Geçen hafta içinde, on yıl boyunca yazılarını yayınladığı Cumhuriyet yazarları ile Köy Enstitülerinin günümüze kalmış müstesna isimlerinden Mehmet Başaran, Vedat Günyol gibi, aydınlanmanın yılmaz ve onurlu savunucusu aydınlardan başka kim andı Hasan Ali Yücel'i?
Birkaç köşe yazısı ve bir de Türkiye İş Bankası Kültür Yayınları arasında çıkan
Mustafa Çıkar'ın "Hasan Ali Yücel ve Türk Kültür Reformu" adlı yapıtı...
Onun dışında fazla bir şey yok.
Hasan Ali Yücel unutuldu mu?
Yoksa Hasan Ali Yücel unutturuldu mu?
Sorunun doğru yanıtını aramaya geçmeden önce, Mustafa Çıkar'ın yukarıda sözünü ettiğim yapıtını bütün okurlarıma salık veririm ve gerek bu genç araştırmacımızı, gerekse Hasan Ali Yücel'in 1956 - 60 yılları arasında Kültür Yayınları bölümünün müşaviri olarak çalıştığı, Türkiye İş Bankası'nı kutlamak isterim.
Ferid Basmacı onun bu dört yıllık müşavirik dönemi için şunları söylüyor:
"Kültür Yayınları'nın ilk Müdürler Kurulu Başkan Ahmet Dallı, Uluğ İğdemir ve benden oluşuyordu. Ancak bu bir formaliteydi. Gerçekte bütün yük müşavir olarak çalışan Hasan Ali Yücel'in üzerindeydi."
Hasan Ali Yücel neden unutturuldu?
Bunu anlamak için, ancak satırbaşlarıyla vereceğimiz hizmetlerine bakalım:
1- Müfettişliği sırasındaki çalışmaları ve laik eğitim sistemimiz hakkındaki önerileri.
2- Bakanlığı sırasında ilk öğretimden başlayarak, teknik öğretimi de içeren planlamaları ve düzenlemeleri.
3- Birinci
Devlet Resim ve Heykel Sergisi.
4- Tercüme Bürosu'nun kurulması ve dünya klasiklerinin Türkçeye çevrilmesi.

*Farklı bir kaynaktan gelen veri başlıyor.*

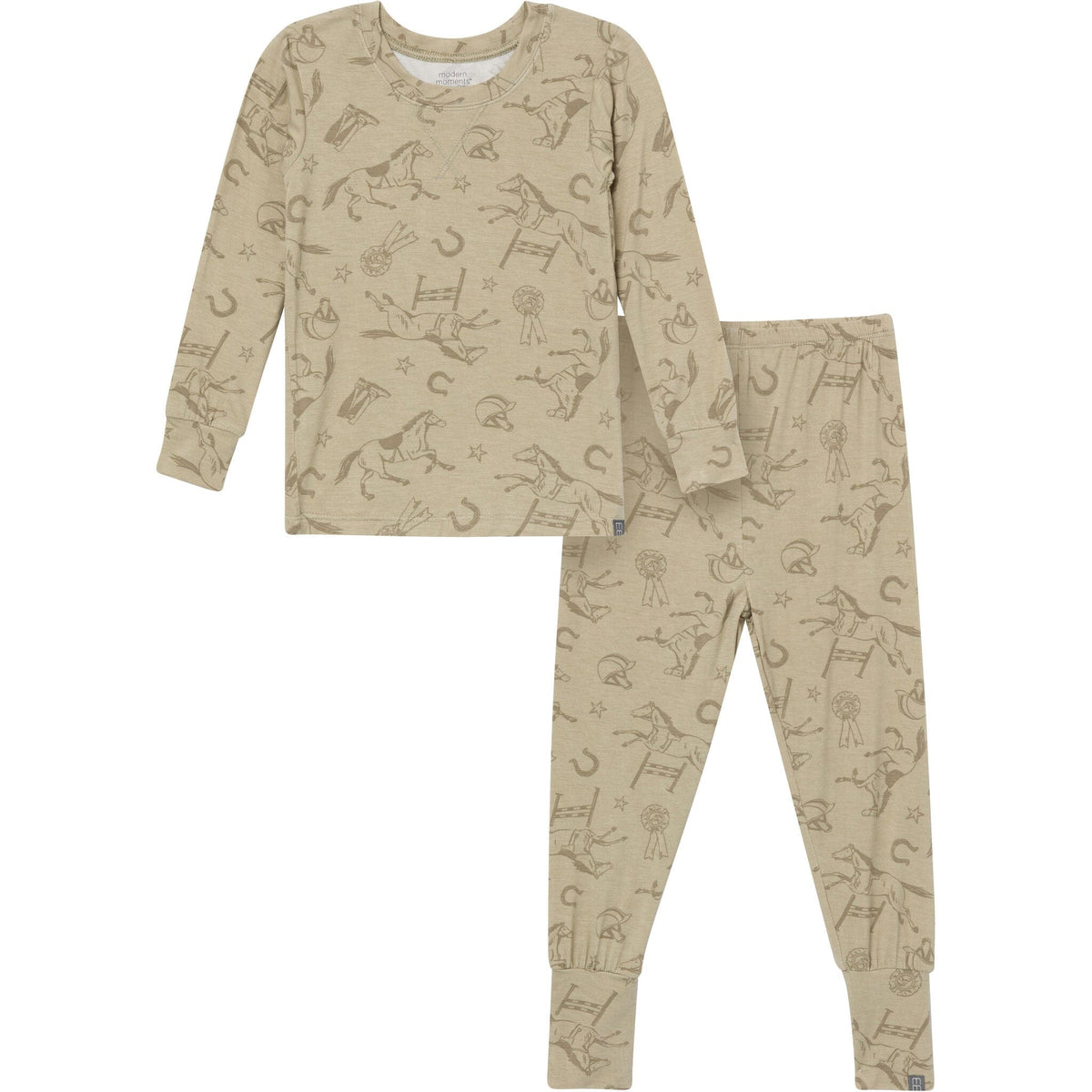 2-Piece Baby Boys Moss Snug Fit Pajama Sleepwear Modern Moments™ by Gerber® 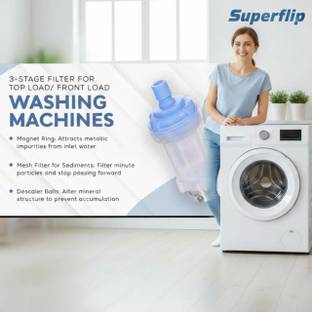 SUPERFLIP Hard Water Softener Cartridge for All Front & Top load Washing Machine Solid Filter Cartridg...
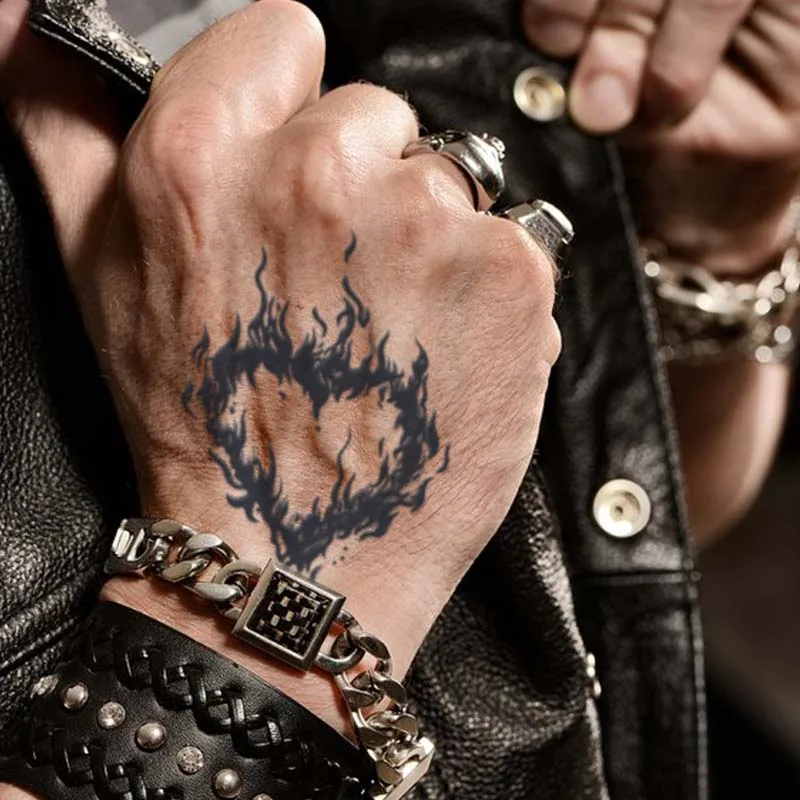 H6 Long Lasting Herbal Juice Semi-Permanent Girl Men Beauty Realistic waterproof Temporary Design Tattoo Stencil Sticker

5- Ansiklopediler (İslam Ansiklopedisi İnönü ya da Türk Ansiklopedisi ve eğitim ile ilgili dergiler.
6- Ankara Devlet Konservatuvarı, Devlet Tiyatro, Opera ve Balesi'nin kurulması.
7- Köy Enstitülerinin kurulması.
8- Dilin Türkçeleştirilmesi.
9- Ders kitaplarının standartlaştırılması.
10- Eski eserler ve müzeler konusundaki düzenlemeler.
Bu hizmetlerin her biri ayrı bir araştırmaya konu olacak genişliktedir. Bunlar da mutlaka yapılmalıdır.
Kısacası Hasan Ali Yücel, Türk, hümanizması, rönesansı, aydınlanması ve çağdaş kültürünün Atatürk'ten sonra gelen kilometre taşlarından biridir.
Bu laiklik savunucusu Cumhuriyet aydınını, bugünkü Milli Eğitim Bakanlığı örgütü mü anacak, yoksa var olan imam hatiplerin 3/4'ünü açmakla övünen devlet kadroları mı?
Hasan Ali Yücel unutulmadı, unutturuldu. Önümüzdeki dönemde toplum onu sıkça anacak ve tarihimizdeki onurlu yerinin bilincine varacaktır.